Terrorjustiz

Ab 1938 können alle Verbrechen und ab 1939 auch alle Vergehen bei den Sondergerichten angeklagt werden, die mit drei Berufsrichtern besetzt sind und in erster und letzter Instanz entscheiden.

Das Kriegsstrafrecht lässt bei fast jeder strafbaren Handlung die Todesstrafe zu. Die Sondergerichte legen das Kriegsstrafrecht weit aus, so dass auch Kleinkriminelle, Erst- und Gelegenheitstäter in großer Zahl zum Tode verurteilt werden.

Nach § 1 der „Volksschädlingsverordnung” müssen „Plünderer”, die bei oder nach Luftangriffen Diebstähle begehen, zum Tode verurteilt werden. Bei jedem Sondergericht werden 1942 sogenannte „Plünderer”-Kammern gebildet, die nach schweren Luftangriffen zusammentreten und im Schnellverfahren Todesurteile fällen. Deren Vollstreckungen werden unmittelbar nach den Angriffen zur Abschreckung auf roten Plakaten bekannt gemacht.

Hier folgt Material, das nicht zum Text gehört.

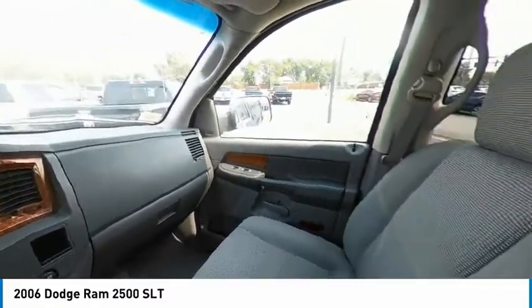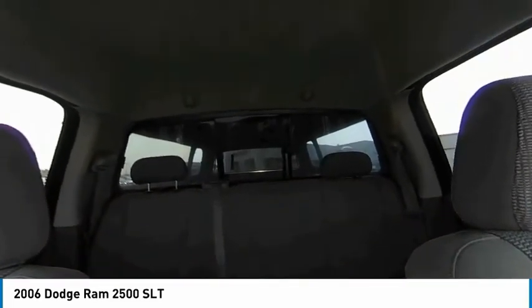If affordable style and reliability are what you're looking for, this vehicle couldn't be more perfect. Drive it today.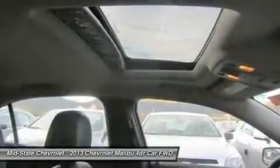If you like it online, you'll love it in your driveway. Take it for a spin today.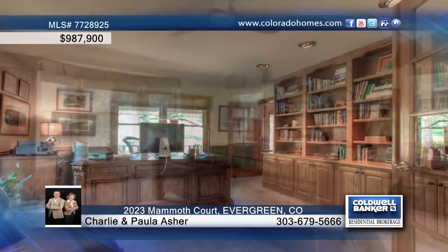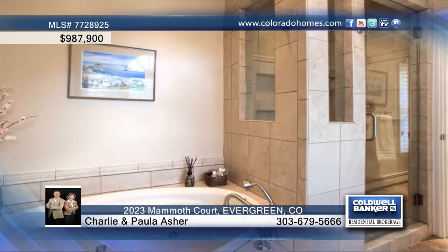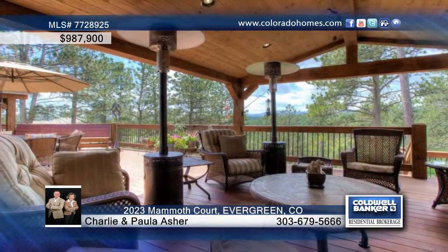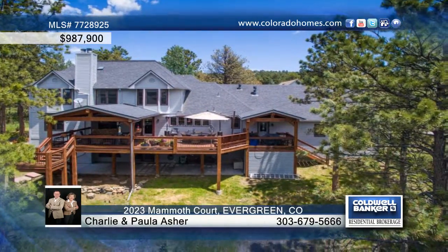The master bath was completely remodeled into a sumptuous spa-like retreat with a heated floor, steam shower, and jetted tub. The grand and expansive newer decking offers open and covered spaces while looking out to the mountain views and onto the greenbelt.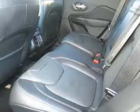Inside you'll find a heated steering wheel, leather seats, heated seats, Bluetooth connectivity, Sirius XM satellite radio, and auxiliary input.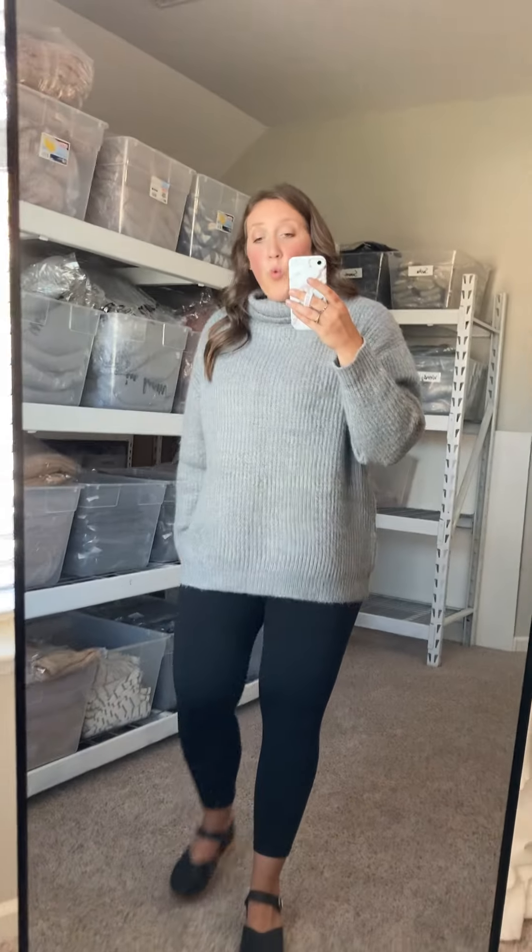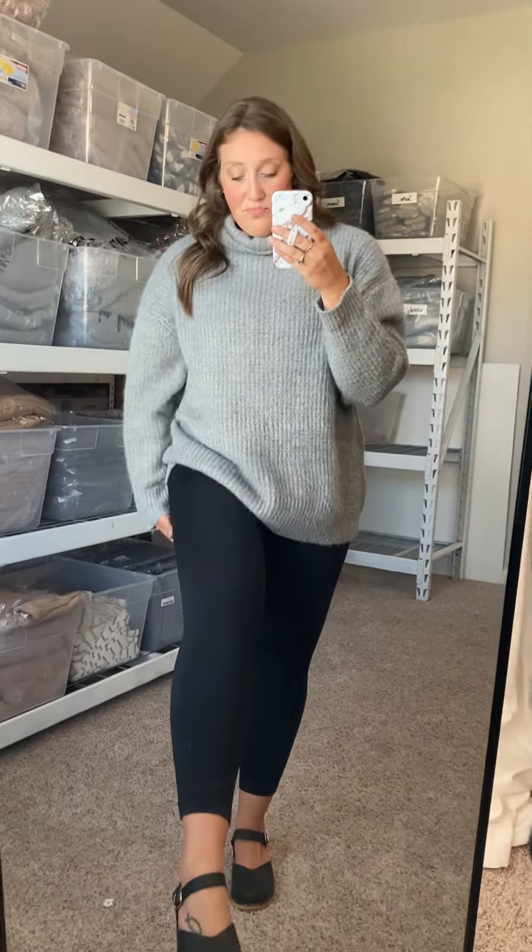I love the extra large because it does feel roomy in the waist for me, but I could totally do the large also. Just a great, warmer, pretty, soft legging for the fall, winter, and early spring.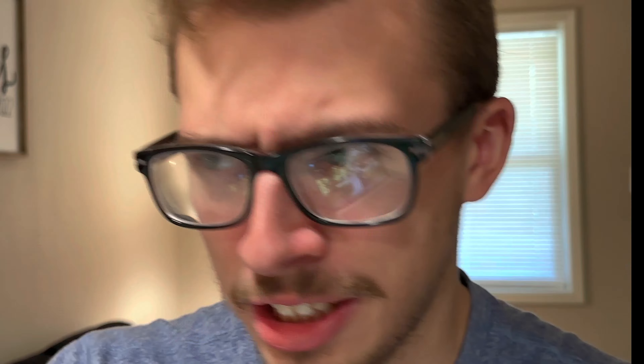A USB-C to HDMI dongle is great, but having it built-in is fast and convenient. I do wish it was HDMI 2.1, but I don't have a display that supports 4K 120Hz or anything like that, so it's more than enough for me. But of course, more options and better options is always better.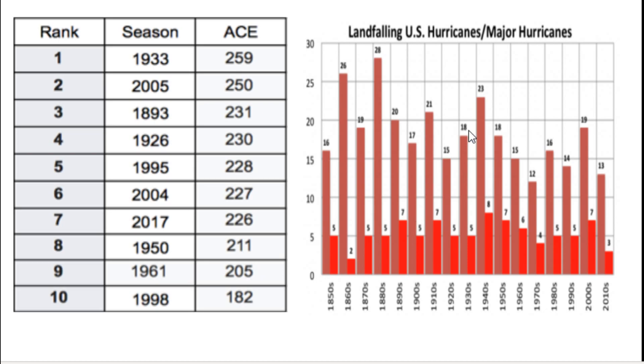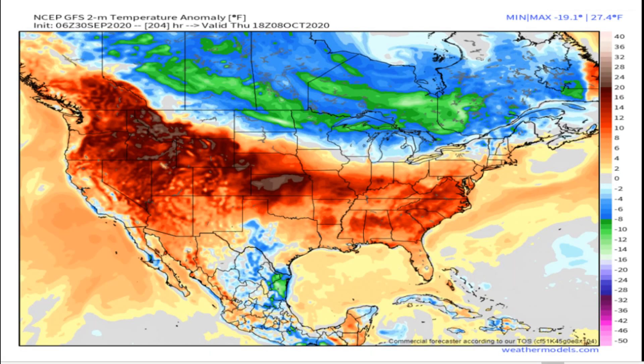The last 170 years of U.S. landfalling hurricanes show historically high activity back in the 1800s. Before Harvey, there wasn't a major hurricane in the United States for 10 years, and in the entire 2010s decade we only saw three landfalling storms. Now we're seeing a major uptick. That's a bit of history — now let's go over how I think Delta is going to form.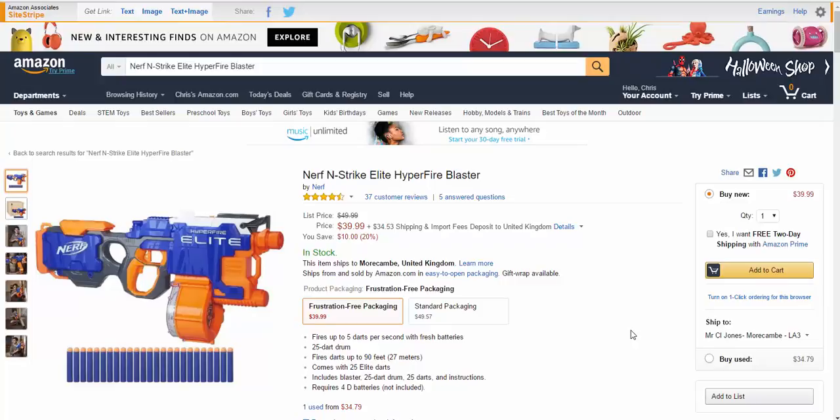Hi guys, welcome to this video. This video is about the Nerf N-Strike Elite Hyperfire blaster. It's going to be one of the top toys this Christmas. There are actually a few of them and they're always releasing every year, or even more frequently than that.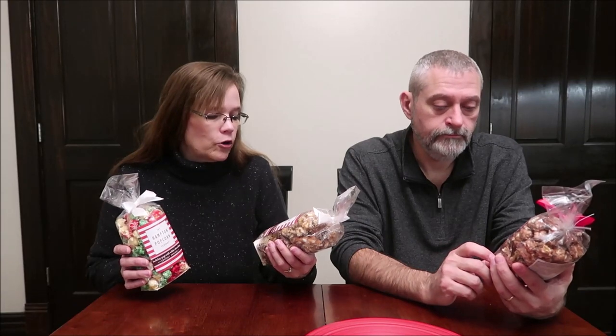Today Kevin and I are going to try some popcorn from the Hampton Popcorn Company. We found these at Tuesday Morning — they were $3.99 a bag. They did have other flavors; these are just three that we had not tried. We've tried popcorn from the Hampton Popcorn Company before. If you search my channel for the Hampton Popcorn Company, you'll see we've already tried the peanut butter flavor.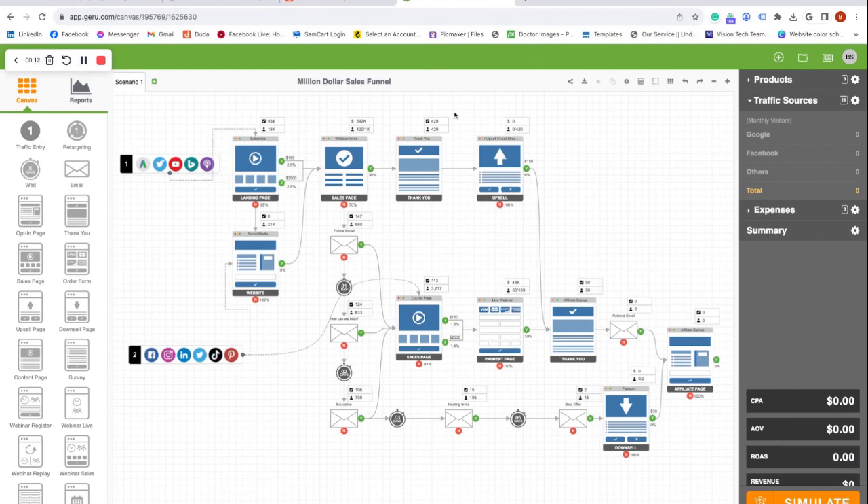A sales funnel is the complete customer journey — where your visitors find you, how they interact with you, and then how they pay you. It goes all the way from your website to a landing page, to email marketing, to automations, to upsells and downsells.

Seit 1942 ist Roland Freisler Präsident des „Volksgerichtshofes”. Er demütigt und verhöhnt die Angeklagten. Gesetzestexte werden systematisch willkürlich ausgelegt. Die Todesurteile werden nur noch sehr knapp „begründet”. Der „Volksgerichtshof” verübt justizförmige Tötungen.

Der 1907 geborene Hausmeister Hans Dobroszczyk übernimmt am 1. März 1943 zusätzlich eine Stelle als Kontrolleur im Ufa-Kino am Nollendorfplatz. Er wird am frühen Morgen des 2. März 1943 denunziert, weil er nach einem Luftangriff auf einem Ruinengrundstück eine Tasche aufgehoben hat. Dies gilt als „Plünderung“. Er wird festgenommen, angeklagt und noch am selben Tag vom Sondergericht II beim Landgericht Berlin zum Tode verurteilt. Schon am Morgen des nächsten Tages, dem 3. März 1943, wird Hans Dobroszczyk im Strafgefängnis Berlin-Plötzensee enthauptet.